* _PROBLEM DESCRIPTION_
How many separate lines in this material contain the string "Heart"? Respond with the number alone.

Start of GIVEN DATA

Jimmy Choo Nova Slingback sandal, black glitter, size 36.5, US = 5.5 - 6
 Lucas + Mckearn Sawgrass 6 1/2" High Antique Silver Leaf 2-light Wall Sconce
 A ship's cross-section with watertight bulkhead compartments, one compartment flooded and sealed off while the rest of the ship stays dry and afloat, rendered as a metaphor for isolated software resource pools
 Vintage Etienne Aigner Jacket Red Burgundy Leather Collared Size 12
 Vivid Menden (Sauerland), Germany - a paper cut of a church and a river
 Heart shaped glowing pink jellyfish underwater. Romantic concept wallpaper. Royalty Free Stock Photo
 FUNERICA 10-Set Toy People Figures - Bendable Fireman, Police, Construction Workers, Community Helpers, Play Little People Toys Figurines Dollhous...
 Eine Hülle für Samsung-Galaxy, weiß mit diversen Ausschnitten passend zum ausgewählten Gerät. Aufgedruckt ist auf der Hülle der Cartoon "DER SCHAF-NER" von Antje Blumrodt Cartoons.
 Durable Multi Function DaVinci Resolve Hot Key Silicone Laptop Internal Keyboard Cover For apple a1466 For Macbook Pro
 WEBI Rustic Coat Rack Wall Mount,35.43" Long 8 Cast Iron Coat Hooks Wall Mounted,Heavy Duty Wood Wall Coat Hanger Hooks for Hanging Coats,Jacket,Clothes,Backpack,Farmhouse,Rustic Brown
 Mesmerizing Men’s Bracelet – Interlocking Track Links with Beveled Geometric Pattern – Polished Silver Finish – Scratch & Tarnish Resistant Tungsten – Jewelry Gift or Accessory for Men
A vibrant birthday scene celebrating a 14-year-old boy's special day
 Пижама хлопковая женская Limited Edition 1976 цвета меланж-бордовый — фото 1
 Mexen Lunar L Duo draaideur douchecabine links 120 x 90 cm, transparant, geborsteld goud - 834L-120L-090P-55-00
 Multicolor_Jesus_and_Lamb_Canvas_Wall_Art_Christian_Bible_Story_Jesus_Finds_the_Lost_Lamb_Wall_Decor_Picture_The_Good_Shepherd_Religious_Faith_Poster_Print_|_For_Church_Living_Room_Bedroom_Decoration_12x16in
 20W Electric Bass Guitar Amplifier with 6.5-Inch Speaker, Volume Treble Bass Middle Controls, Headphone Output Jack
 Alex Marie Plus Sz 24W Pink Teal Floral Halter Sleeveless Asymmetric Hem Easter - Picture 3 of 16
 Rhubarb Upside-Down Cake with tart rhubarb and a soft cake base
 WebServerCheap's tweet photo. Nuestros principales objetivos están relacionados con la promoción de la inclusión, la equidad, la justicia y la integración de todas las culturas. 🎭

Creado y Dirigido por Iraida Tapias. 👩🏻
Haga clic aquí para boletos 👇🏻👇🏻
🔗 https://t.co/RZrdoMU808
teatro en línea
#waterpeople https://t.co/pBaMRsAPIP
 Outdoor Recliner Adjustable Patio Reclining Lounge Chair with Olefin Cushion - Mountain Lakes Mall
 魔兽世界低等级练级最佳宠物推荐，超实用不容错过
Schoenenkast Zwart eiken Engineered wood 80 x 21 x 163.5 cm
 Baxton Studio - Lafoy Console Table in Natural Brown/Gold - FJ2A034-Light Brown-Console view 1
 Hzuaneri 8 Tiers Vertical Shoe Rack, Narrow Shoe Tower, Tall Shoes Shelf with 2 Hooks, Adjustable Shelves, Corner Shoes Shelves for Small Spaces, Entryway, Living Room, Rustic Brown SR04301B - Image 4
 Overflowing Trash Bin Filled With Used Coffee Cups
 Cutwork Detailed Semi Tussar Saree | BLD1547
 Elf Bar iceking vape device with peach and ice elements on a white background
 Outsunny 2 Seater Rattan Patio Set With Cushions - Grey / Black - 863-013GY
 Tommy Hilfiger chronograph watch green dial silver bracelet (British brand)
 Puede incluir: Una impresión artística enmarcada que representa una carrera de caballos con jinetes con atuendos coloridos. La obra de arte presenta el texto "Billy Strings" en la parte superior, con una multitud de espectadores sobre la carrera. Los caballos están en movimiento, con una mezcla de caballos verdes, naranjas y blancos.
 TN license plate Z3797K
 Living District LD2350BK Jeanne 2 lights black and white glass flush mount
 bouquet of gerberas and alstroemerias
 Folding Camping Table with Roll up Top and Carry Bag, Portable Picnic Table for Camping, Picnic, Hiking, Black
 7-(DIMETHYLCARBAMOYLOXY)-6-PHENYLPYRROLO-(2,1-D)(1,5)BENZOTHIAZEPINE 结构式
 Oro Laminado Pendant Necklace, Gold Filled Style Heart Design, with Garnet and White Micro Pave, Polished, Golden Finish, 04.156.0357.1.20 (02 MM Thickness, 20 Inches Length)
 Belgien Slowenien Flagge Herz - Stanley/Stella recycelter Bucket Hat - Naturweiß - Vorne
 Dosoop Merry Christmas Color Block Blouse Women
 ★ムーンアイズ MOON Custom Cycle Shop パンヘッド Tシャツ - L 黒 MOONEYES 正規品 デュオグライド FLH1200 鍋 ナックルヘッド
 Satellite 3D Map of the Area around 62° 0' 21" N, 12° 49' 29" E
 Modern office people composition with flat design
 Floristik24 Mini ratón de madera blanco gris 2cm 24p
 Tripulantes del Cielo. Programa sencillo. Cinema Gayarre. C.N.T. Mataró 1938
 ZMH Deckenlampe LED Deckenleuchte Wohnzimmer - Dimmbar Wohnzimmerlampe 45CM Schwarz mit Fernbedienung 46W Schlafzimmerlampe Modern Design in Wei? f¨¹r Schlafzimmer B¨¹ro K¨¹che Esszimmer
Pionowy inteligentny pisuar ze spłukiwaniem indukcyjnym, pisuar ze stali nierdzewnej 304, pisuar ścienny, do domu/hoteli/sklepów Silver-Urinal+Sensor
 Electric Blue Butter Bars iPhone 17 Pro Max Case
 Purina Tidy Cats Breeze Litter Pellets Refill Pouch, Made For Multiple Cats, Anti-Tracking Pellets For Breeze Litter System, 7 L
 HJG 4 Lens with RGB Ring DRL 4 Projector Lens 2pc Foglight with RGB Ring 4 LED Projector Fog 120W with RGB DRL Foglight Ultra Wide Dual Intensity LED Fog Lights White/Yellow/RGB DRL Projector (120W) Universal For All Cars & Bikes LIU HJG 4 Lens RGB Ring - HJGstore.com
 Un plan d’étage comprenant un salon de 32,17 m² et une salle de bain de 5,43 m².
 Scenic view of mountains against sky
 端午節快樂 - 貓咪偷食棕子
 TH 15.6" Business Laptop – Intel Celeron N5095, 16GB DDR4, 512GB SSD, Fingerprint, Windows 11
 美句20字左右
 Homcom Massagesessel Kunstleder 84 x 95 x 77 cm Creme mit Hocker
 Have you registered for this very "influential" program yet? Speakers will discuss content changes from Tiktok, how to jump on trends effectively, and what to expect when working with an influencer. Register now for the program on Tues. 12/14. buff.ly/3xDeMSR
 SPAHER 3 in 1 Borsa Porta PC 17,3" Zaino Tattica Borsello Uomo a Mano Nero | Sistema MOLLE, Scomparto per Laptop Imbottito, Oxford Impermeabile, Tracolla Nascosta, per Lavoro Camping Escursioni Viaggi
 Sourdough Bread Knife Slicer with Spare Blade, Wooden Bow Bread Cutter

End of GIVEN DATA

* _ANSWER BOX_
2